Target mouse anatomical structure collection of illustrative plates acquisition methods based on the non-rigidity registration of XCT images

Technical field

The invention belongs to technical field of image processing, and in particular to non-rigidity image registration and target rat tissue anatomical structure Finite element demarcation.

Background technology

Fluorescent molecular tomography (Fluorescence Molecular Tomography, FMT) method generally makes at present The appreciable error that uniform optical structural context will be introduced in photon transport modeling, effective optical texture prior information pair The lifting of FMT reconstruction precisions and sensitivity is significant.The foundation of optical texture and the acquisition of anatomical information are close It is related：On the one hand it has been to confer to the physical geometry information of each region related optical parameter characteristic in anatomical structure, on the other hand It is the prerequisite that each area optical parameter obtains in body^[1,2]。

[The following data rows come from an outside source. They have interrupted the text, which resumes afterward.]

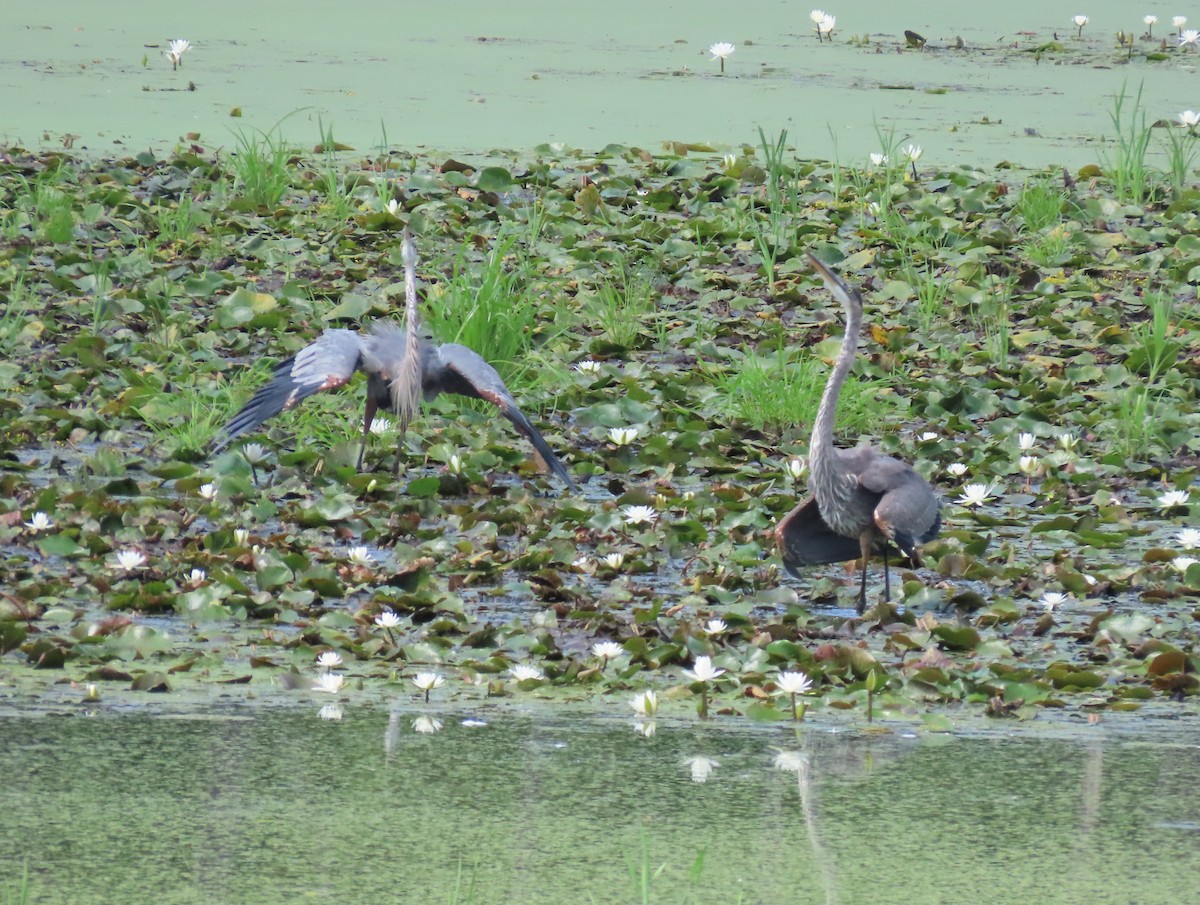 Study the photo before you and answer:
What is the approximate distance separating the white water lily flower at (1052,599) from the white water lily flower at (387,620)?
150cm

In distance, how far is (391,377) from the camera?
543 cm

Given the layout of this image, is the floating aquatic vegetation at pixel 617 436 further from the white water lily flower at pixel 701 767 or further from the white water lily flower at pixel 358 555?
the white water lily flower at pixel 701 767

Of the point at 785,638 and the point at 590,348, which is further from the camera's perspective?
the point at 590,348

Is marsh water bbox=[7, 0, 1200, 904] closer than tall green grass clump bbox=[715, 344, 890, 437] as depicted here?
Yes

Common anatomy imaging mode is used for optical texture acquisition and had some limitations.High-Field toy nuclear-magnetism is total to Imaging (Micro Magnetic Resonance Imaging, μM RI) of shaking has high gray resolution image, Neng Gouli to soft tissue Each soft tissue organs region is obtained with image method.Dhenain et al. is carried out using the technology to multiple mice embryonics Imaging, obtains the anatomical structure collection of illustrative plates (Atlas) in different development stage mice embryonic^[3].Segars et al. utilizes form more Year, mouse nuclear magnetic resonance data established four-dimensional MOBY models, and dynamic of the simulation mouse in the physiology courses such as heartbeat breathing dissects knot Composition is composed^[4].However, μM RI costs are high, imaging is time-consuming longer, limits its application in mouse FMT experiments.Roentgenometer Calculation machine fault imaging (X-ray Computed Tomography, XCT) as a kind of conventional anatomy imaging pattern, its into As speed and cost is moderate.But X ray is relatively low to the resolution ratio of soft tissue, have using XCT images segmentation soft tissue Larger difficulty, if being aided with other image modes, it more can accurately obtain biological tissue's body anatomical structure.Dogdas et al. profits Multi-modality imaging is carried out to mouse with XCT, positron emission computerized tomography and cold cut chip technology, and built on this basis Vertical Digimouse models, obtain the precise anatomical structure collection of illustrative plates of mouse^[5].The method can obtain the dissection of mouse exactly Structural information, important reference significance is provided for correlative study, but imaging system used in this method is complicated, and experimentation is numerous Trivial, cost is higher, is equally unfavorable for using in the mouse FMT experiments of routine.

[bibliography]

[1]L.-H.Wu,W.-B.Wan and X.Wang et al,"Shape-parameterized diffuse optical tomography holds promise for sensitivity enhancement of fluorescence molecular tomography,"Biomedical Optics Express 10,3640-3659(2014)。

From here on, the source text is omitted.